Mesenchymal stromal cells exert rapid immunoregulation functions on pediatric steriod-resistant aGVHD patients through TCR-Ca2+signalling

Abstract

Background & Aim Severe acute graft-versus-host disease (GVHD) after transplantation is associated with a high mortality rate and is a major threat to a successful outcome. Mesenchymal stromal cells (MSC) has been reported recently as a promising treatment for severe steriod-resistant acute graft-versus-host disease. MSCs have shown great promise in preclinical and clinical therapies for severe acute condition within hours, such as septic shock and acute lung injury. Here, we demonstrated that MSCs could able to rapidly reduce the expressions of TNF-α and IFN-γ in activated T cells in vitro and in vivo, mainly by a rapid suppression on their TCR signaling. Methods, Results & Conclusion Methods 1.Isolation of BMSCs from donors and cultured for the functional experiments. 2.Processing of peripheral blood cells and plasma from healthy donors and pediatric aGVHD patients, which were used for Real-Time qRT-PCR and Elisa assays to measure the levels of TNFα and IFN-γ. 3.Western blotting Analysis and Phospho-epitope Staining for Flow Cytometry were used to test the levels of TCR. 4.Measurements of Ca2+concentrations in responding T cells throgh Microscope and Flow Cytometry by using a Ca2+ indicator- Fluo-4 AM. Results MSCs rapidly suppressed the expressions of TNF-α and IFN-γ, TCR-proximal signaling and Ca2+ signaling of T cells in vitro.
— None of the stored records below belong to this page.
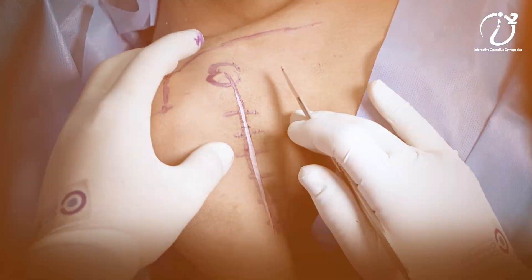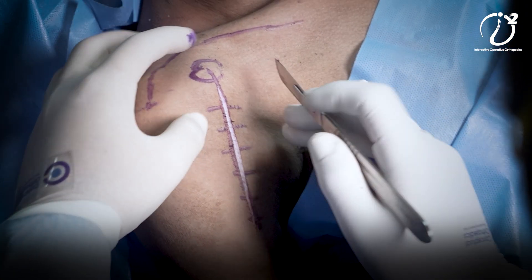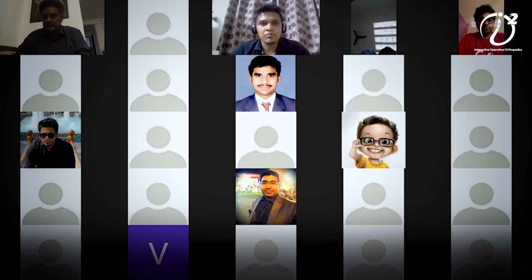Our aim is going to be in different stages to train them for the operative and the clinical work. How are we going to make sure that they understand the basics of orthopedics? For the initial first three weeks, we will be holding independent Zoom sessions with these students.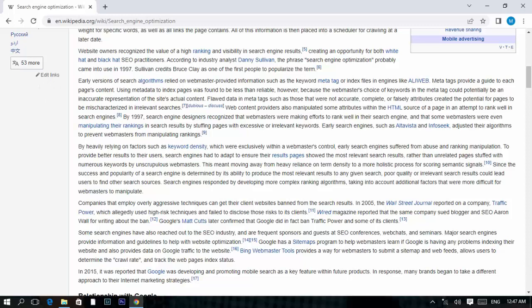Website owners recognized the value of high ranking and visibility in search engine results, creating an opportunity for both white hat and black hat SEO practitioners. According to industry analyst Danny Sullivan, the phrase 'search engine optimization' probably came into use in 1997, with Bob Heyman cited as one of the first people to popularize the term.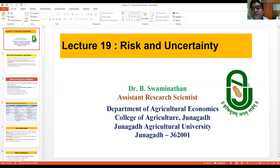Hello students, good morning. Welcome to today's topic. This is lecture number 19 in your theory, and the title is risk and uncertainty.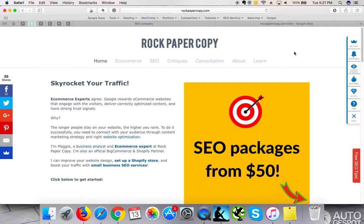Hey guys, this is Maggie from Rock Paper Copy and you can find us at www.rockpapercopy.com. We can help you with search engine optimization, internet marketing, and website redesign.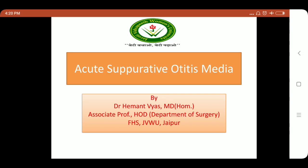Namaste, all my dear students. Myself Dr. Hemant Vyas, Associate Professor and Head of Department of Surgery, Faculty of Homeopathic Science, Jyoti Vidyapeeth Womens University, Jaipur.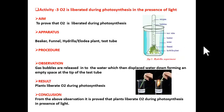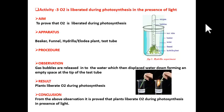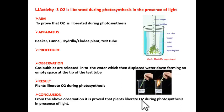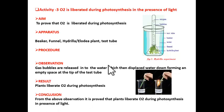Now, in the case of the setup placed in the dark, we don't observe any bubbles rising up. So from this we can simply say that plants produce or liberate oxygen during photosynthesis only in the presence of light. I hope you understood this experiment.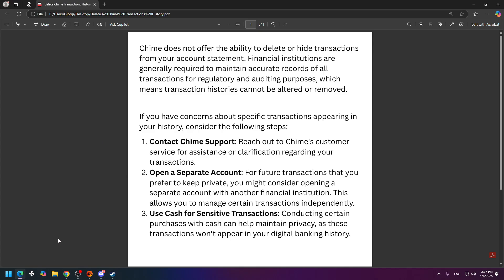In this video tutorial, I will teach you how to delete QIIME's transaction history. Unfortunately, there is no direct way to delete or hide your transaction history on QIIME, because financial institutions are generally required to maintain accurate records of all transactions for regulatory and auditing purposes, which means transaction histories cannot be altered or removed.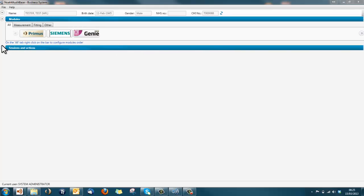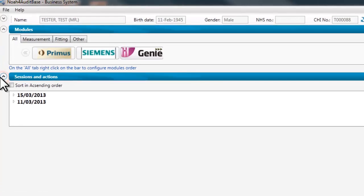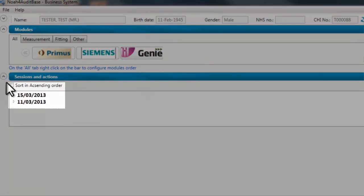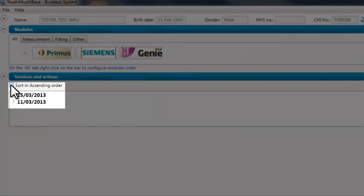When expanding the session and actions section, session dates will be displayed. These can be shown in ascending or descending order by selecting the tick box.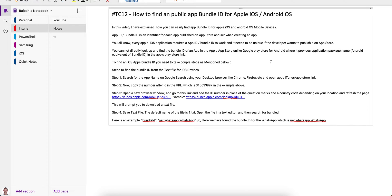The bundle ID is set while creating the application. Every iOS application and every Android APK requires a bundle ID to work, and it must be unique if the developer wants to publish it in the public store.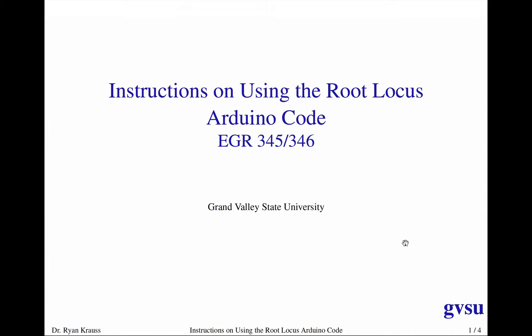Okay, this is Dr. Kraus with some hopefully brief instructions on how to use the Arduino code that is being provided for the root locus control design lab for the DC motors.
For aGVHD patients, we observed, after MSC infusion, TNF-α and IFN-γ at mRNA levels of T cells were decreased in 6 of 10 (more than half) patients, 2 patients without significant change and 2 patients increased a little. These matched up the Ca2+ level of T cells and TCR-proximal signaling reductions of these patients. Conclusion Using T/MSCs co-culture system, we found that MSCs were able to downregulate the TNF-α and IFN-γ of activated T cells within 1 hour. Also, MSCs were observed to rapidly suppress the TCR signaling. The alterations from aGVHD patient, which received MSCs infusion, further confirmed these MSCs-mediated short-term effects on T cells in vivo. This might make it more understandable for the feasibility of MSCs to control the severe acute immune disorders, such as septic shock and acute lung injury.